ここまでカルパイン-6がmRNAスプライシング異常を介してマクロファージの運動性を促進することを概説してきたが,このような細胞動態だけでカルパイン-6欠損の抗動脈硬化作用を説明するのは難しい.我々は,動脈硬化症においてしばしばセントラルドグマのように説明されるマクロファージのコレステロール代謝に着目した.マクロファージがLDLコレステロールを取り込む際に主要な役割を担うのはクラスAスカベンジャー受容体やCD36であるが75),発現解析の結果カルパイン-6はこれらの受容体の発現には寄与していなかった.実際,骨髄由来マクロファージにおいて酸化LDLの取り込みを検討したが,野生型とカルパイン-6欠損マクロファージの間に差異は認められなかった.一方,同細胞に高濃度の非変性LDLを負荷したところ,カルパイン-6の欠損でコレステロール取り込みが低下した.この現象は,カルパイン-6が受容体を介さない非特異的な非変性LDLの取り込み,すなわち「飲作用」に寄与することを示している.飲作用はエンドサイトーシスの一種で,細胞膜の自発的な陥入により,細胞が細胞周囲の微粒子を水と同時に取り込む現象であり76, 77),細胞骨格や細胞動態を制御するカルパイン-6の性質ともよく符合する.なお,カルパイン-6欠損マクロファージにて低下した飲作用は,さらにRac1をノックダウンすることで回復させることが可能であったため70),カルパイン-6欠損はRac1を介して飲作用を抑制すると考えられる.飲作用により生じる飲胞をラベルし,細胞内の移動速度を定量したところ,カルパイン-6の欠損により減速したため,同分子は飲胞の細胞内交通に関与するものと考えられる.飲胞も他のエンドソームと同様に,発現するRabタンパク質によりその機能が定義されるが78),カルパイン-6の欠損により飲胞におけるリサイクリングエンドソームマーカーRab11の発現が亢進し,一方で前期エンドソームマーカーのRab5やリソソームマーカーの発現は低下した70).前述のLDL取り込み実験の結果も踏まえて,カルパイン-6欠損マクロファージではエンドソームのリサイクル,すなわち細胞外へのリークが亢進しており,リソソームを経由するLDLの細胞内貯留が妨げられていると解釈される.飲作用活性はLdlr欠損マウスの動脈硬化病変でも蛍光ナノ粒子の取り込みとして検出可能であるが79),マクロファージ飲作用活性はin vivoにおいてもカルパイン-6欠損により低下した70).動脈硬化症をカルパイン-6関連疾患としてまとめると,同分子は単球が動脈硬化病変に動員された段階でTNF-αの作用により誘導され,これが細胞質でCWC22を捕捉することでRac1のスプライシングを阻害し,結果として同細胞の飲作用を亢進すると考えられる.飲作用を介して取り込まれた非変性LDLがマクロファージの泡沫化を促進し,動脈硬化病変を肥大化すると考えられる(図2C).泡沫化の原因として飲作用を検討する事例は現状では一部に限られているが,比較的低濃度(50~100 µmol/L)で飽和してしまう受容体依存的な酸化LDL取り込みに対して,細胞外濃度に比例して直線的に増加する飲作用の方が高濃度LDLを含有する動脈硬化病変の特徴を反映しやすいとの解釈も存在する80).また,生体内の酸化LDLの量を実際に定量すると,培養マクロファージの泡沫化に要する量に満たないとの報告もあり81),今後は動脈硬化症の病態を理解する上で飲作用の解析も必要ではないかと考える.

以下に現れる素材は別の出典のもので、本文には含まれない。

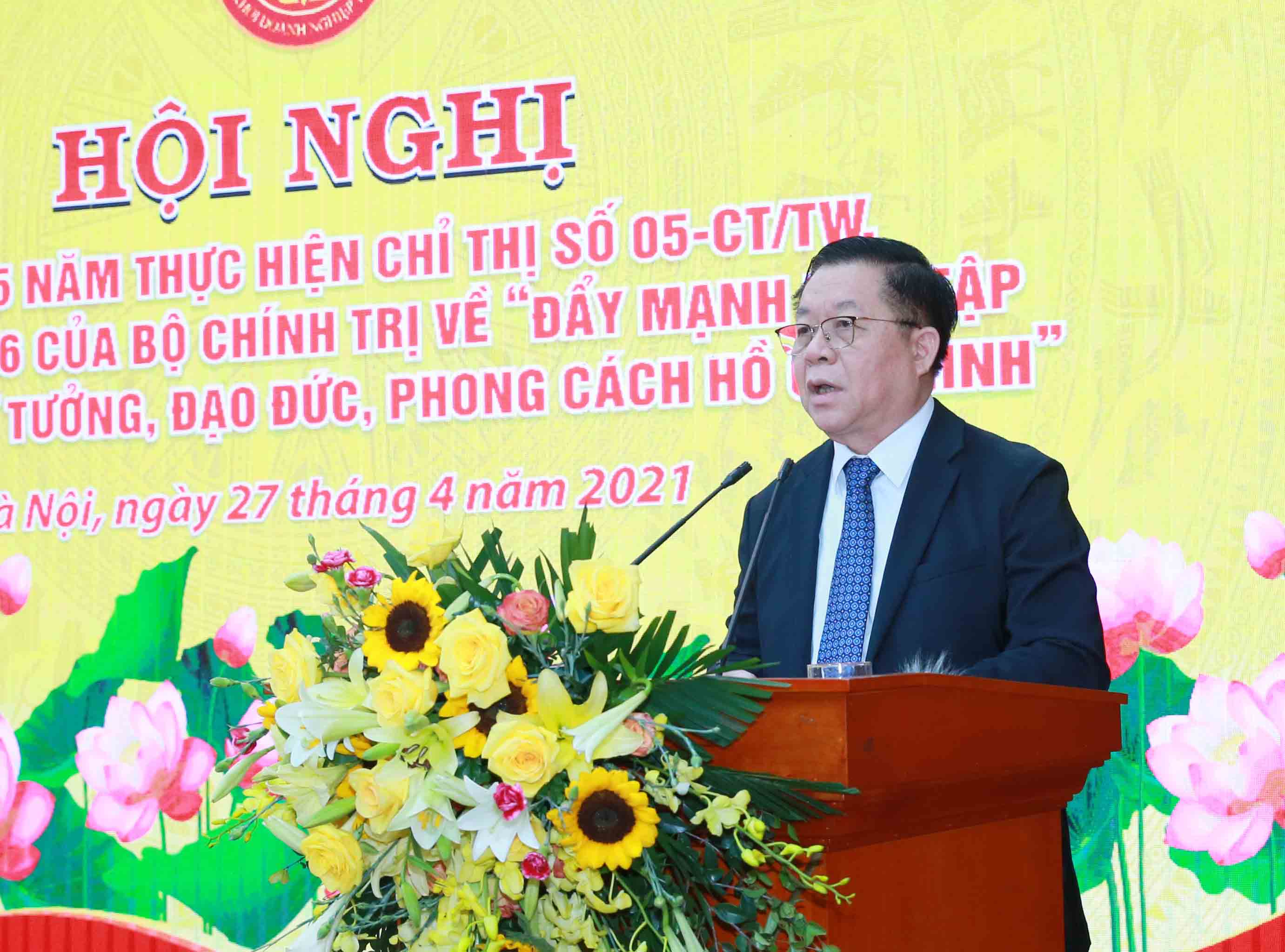 Đồng chí Nguyễn Trọng Nghĩa - Bí thư Trung ương Đảng, Trưởng Ban Tuyên giáo Trung ương phát biểu chỉ đạo.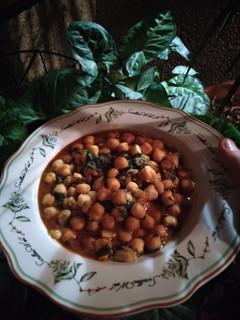 Una foto de Garbanzos con espinacas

これまでスプライシング異常は遺伝性疾患(スプライソパチー)ならびに悪性腫瘍の領域で議論される場合が多く82),制御因子や責任遺伝子の突然変異に起因すると考えるのが一般的である.代謝性疾患の領域でも,次世代シーケンスの機能向上に伴いスプライスバリアントが検討されるようになったが,同疾患群は非遺伝的要因の寄与が大きいため,必ずしもメインストリームではなかった.我々はスプライシング制御因子であるCWC22がカルパイン-6発現の影響を受けることを解明し,これが代謝性疾患である動脈硬化の原因となりうることを証明した.この結果は,遺伝子変異に起因しない「後天的なスプライシング異常」が存在し,これが生活習慣病の直接的な原因となる可能性を示している.後天的スプライシング異常は,制御因子自体は正常であることから介入の余地があると想定され,今後応用も視野に入れて検討を続けていきたい.

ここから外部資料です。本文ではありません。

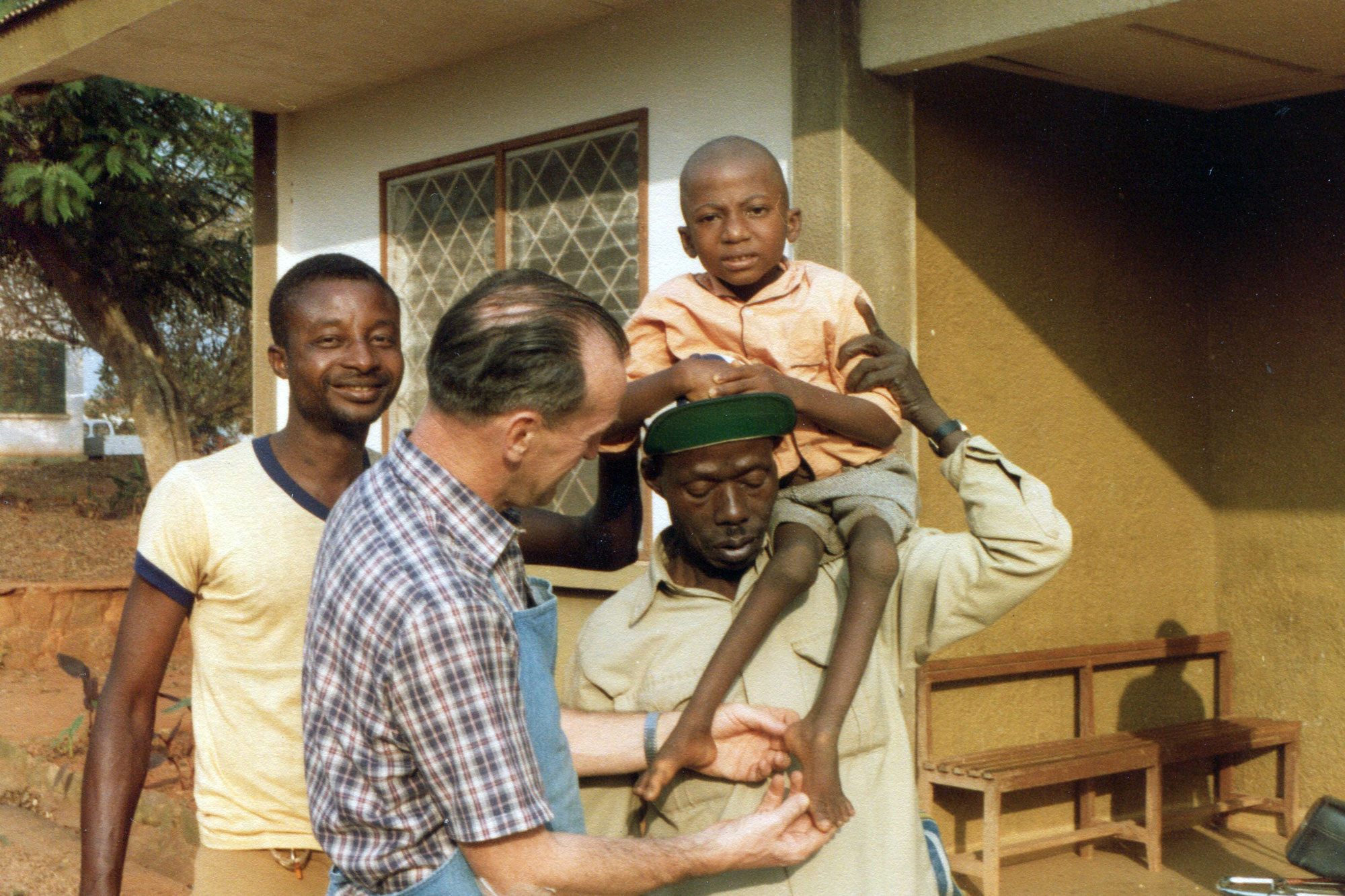 Enfant polio et son papa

本稿では血管における従来型カルパインの役割に焦点を当てたが,同分子は他の多種多様な疾患でも責任分子として報告されている6, 22, 83, 84).これらの中で,神経変性疾患や脳梗塞など細胞死が伴うような病態では,カルシウム依存的な細胞変性を仲介する分子として比較的単純に定義することができる.一方で,血管系疾患に多い慢性疾患では,病態の遷延化に伴い反応機構が複雑化するためか,現在でも明確な病態生理学上の定義はなされていない.また,カルパインの表現型は多数の基質制御の総体として現れると解釈できるが,最近報告されている多くの研究が表現型に沿った形で単一(もしくは2種か3種程度)の基質を調査する内容に落とし込まれており,少なからずパターン化されてしまっているような印象がある.もちろんショットガンプロテオミクス解析のような形で基質の安定性を検討することは可能であるが,この手法はカルパインの特徴である「限定的プロテオリシス」を必ずしも反映していない点には注意が必要である.今後,基質断片を網羅解析するプロテオーム技術およびバイオインフォマティクス技術が開発されれば,従来型カルパインを含む限定分解酵素はあらたな局面を迎えると期待する.一方,本稿では非従来型カルパイン-6も取り扱ったが,名称はカルパインであるものの,その挙動や機能は従来型と大きく異なっている.非従来型については,2型糖尿病特有の一塩基多型が検出されるカルパイン-1085–87),肢帯型筋ジストロフィー2A型の責任遺伝子産物と考えられているカルパイン-388–91),ならびに消化管特異的な発現を示すカルパイン-8,-992–94)の解析は比較的進んでいるが(表1),その他のアイソザイムについてはまだ報告は少ない.特に非従来型については今後思わぬ発見があるのではないかと期待している.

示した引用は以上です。